● **COLLECTED MATERIAL**
<<<<

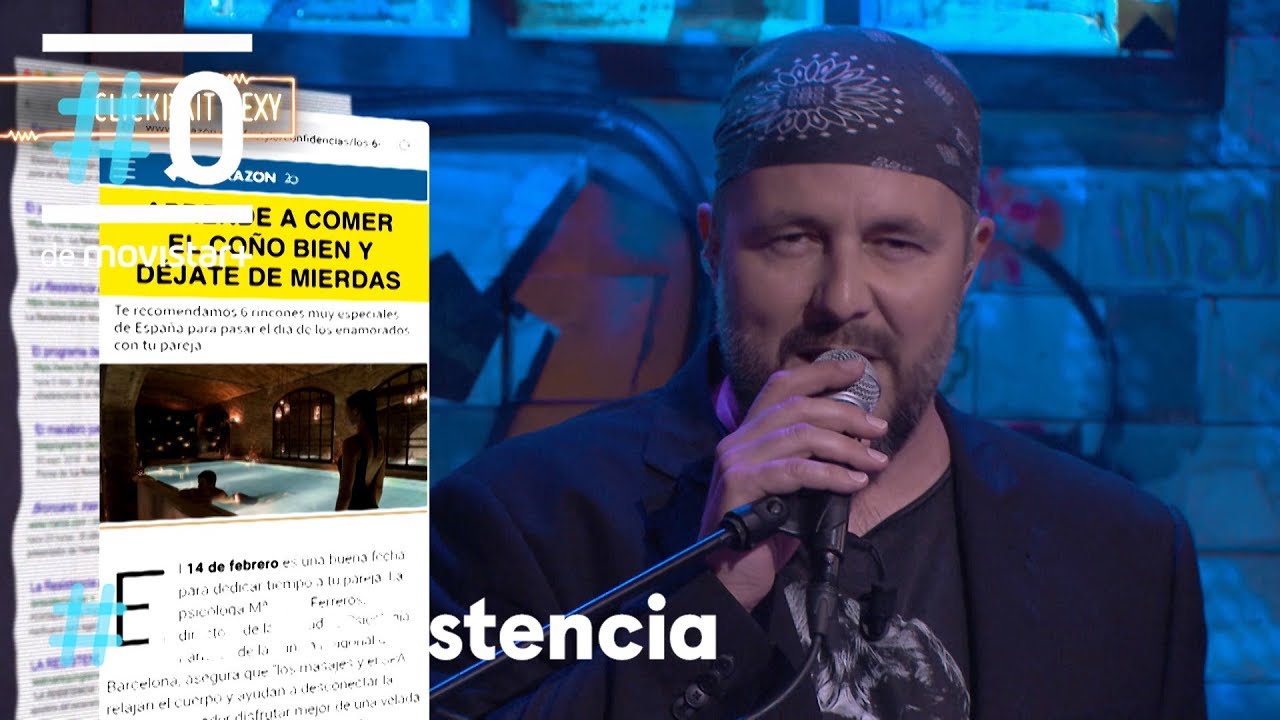 LA RESISTENCIA - Clickbait Sexy Love Edition | #LaResistencia 14.03.2019 - YouTube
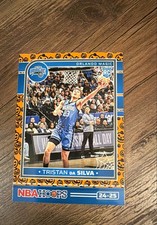 2024-25 Panini Haunted Hoops - Tristan da Silva, Tristan da Silva #276 Pumpkins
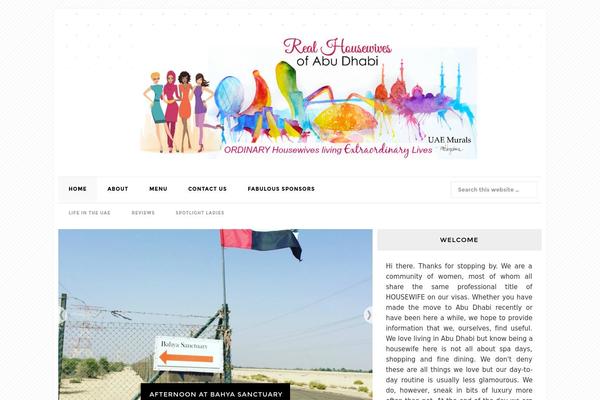 Tidy theme site design template sample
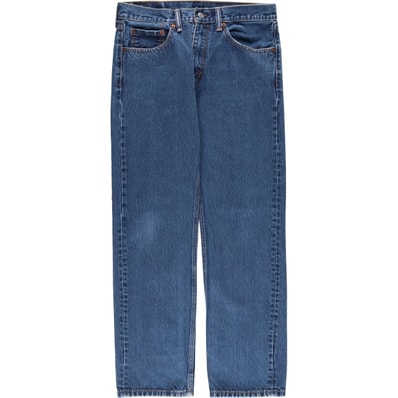 古着 リーバイス Levi's 505 テーパードデニムパンツ メンズw33相当/eaa615305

>>>>

● **WORK ORDER**
Leave out the images and copy all remaining data word for word.

● **SOLUTION TO THE EXERCISE**
 LA RESISTENCIA - Clickbait Sexy Love Edition | #LaResistencia 14.03.2019 - YouTube
 2024-25 Panini Haunted Hoops - Tristan da Silva, Tristan da Silva #276 Pumpkins
 Tidy theme site design template sample
 古着 リーバイス Levi's 505 テーパードデニムパンツ メンズw33相当/eaa615305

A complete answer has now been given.